There was Sandy Murphy, dressed in designer clothes, frequently whispering in the ear of her lawyer, Michael Cristalli, in court and flitting around in the hallway during breaks with friends and family members.
There was Rick Tabish, her cool-headed former lover who sat expressionless among his four lawyers and often took notes, as clean-cut prosecutors outlined a circumstantial case for murder against the couple.
And there was District Judge Joseph Bonaventure, the jovial but hot-tempered presiding judge, who lectured an alternate juror for being an hour late to court and holding up the opening day curtain.
Even Ted Binion, the colorful casino executive who prosecutors alleged met his demise at the hands of Murphy and Tabish, was on hand. Both sides showed the 12-member jury a gruesome police photo of Binion's body, dressed in his underwear, lying on a mat in the den of his Las Vegas home the day he was found dead.
The jurors, seven men and five women, mostly middle-aged, listened intently and jotted down notes, as a stone-faced Chief Deputy District Attorney Christopher Lalli methodically laid out the prosecution's case with the help of a PowerPoint presentation for nearly 2 1/2 hours.
It's a case of lust, betrayal and greed that is identical to the one Lalli's predecessor, District Attorney David Roger, presented four years ago. Lalli charged that Tabish and Murphy killed the 55-year-old gambling figure for his riches, pumping him with drugs and then suffocating him.
But the jurors also got their first taste of well-known San Francisco lawyer J. Tony Serra who, smart as he is, really does appear to be living in a time warp. He's representing Tabish.
Serra, a 60-something product of the hippie generation, has won murder acquittals for several militant radicals over the years, including Black Panther Huey Newton.
With his long silver hair wrapped in a pony tail and dressed in a light gray suit with a flower-patterned tie, Serra provided a stark contrast to the short-haired, baby-faced Lalli, who maintained a serious look for the jurors in his navy blue business suit.
Demonstrative and often raising and lowering his voice for courtroom effect, Serra, though at times rambling, ripped into the prosecution's case, charging that Binion was not the victim of a homicide but, rather, a self-induced drug overdose.

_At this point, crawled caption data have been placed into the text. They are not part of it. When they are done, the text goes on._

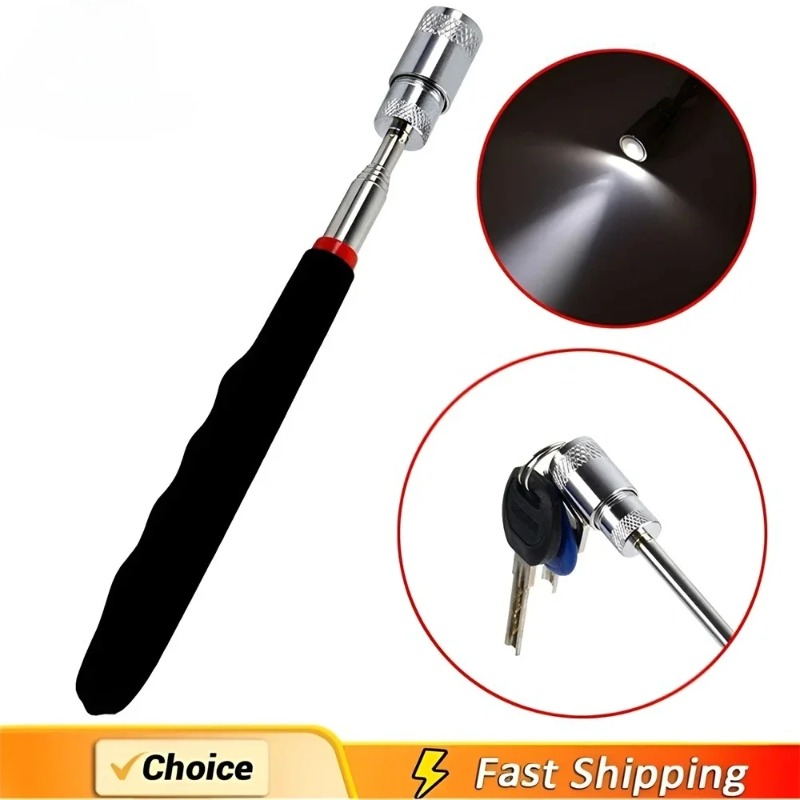 ปากกาแม่เหล็กแบบยืดหดได้พร้อมไ - Telescopic Fishing Rod บทวิจารณ์และราคา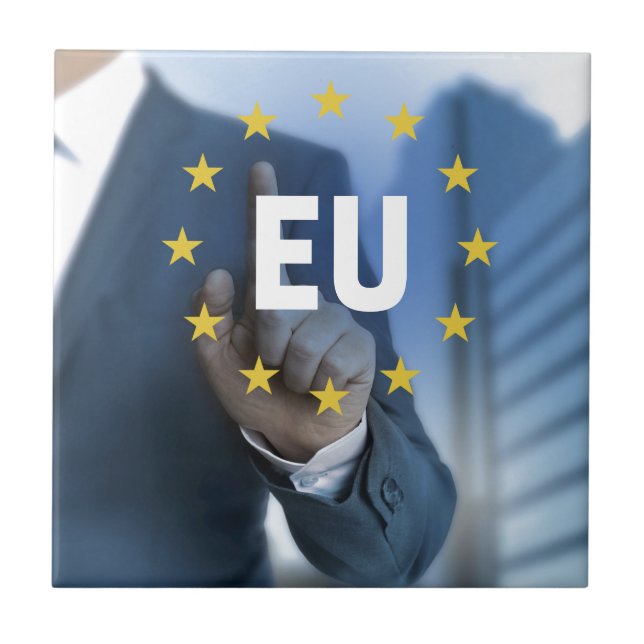 EU European Union touchscreen concept Ceramic Tile (Front)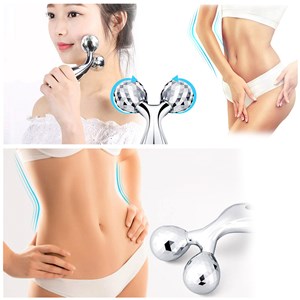 Roulette de massage 3d. Étirement lifting facial. Effet amincissant.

Serra told the jurors he planned to take the high road and didn't want to demean the hard-drinking, heroin-addicted Binion -- at one point calling him "my kind of guy."
He also said he didn't plan to throw mud at the Binion family, which did a private investigation into Binion's death that led authorities to charge Murphy and Tabish.
But Serra spent most of his 1 1/2-hour opening statement doing both things, just as defense lawyers did four years ago.
He contended the evidence will show that Binion, through his heroin use, was systematically poisoning himself, and that after his death his powerful family conducted an "old-fashioned vendetta" to make sure Murphy was cut out of any inheritance.
Lalli, on the other hand, concluded: "The evidence will show that Ted Binion was murdered because (Sandy) Murphy and Rick Tabish wanted him dead."
I know I've heard that somewhere before.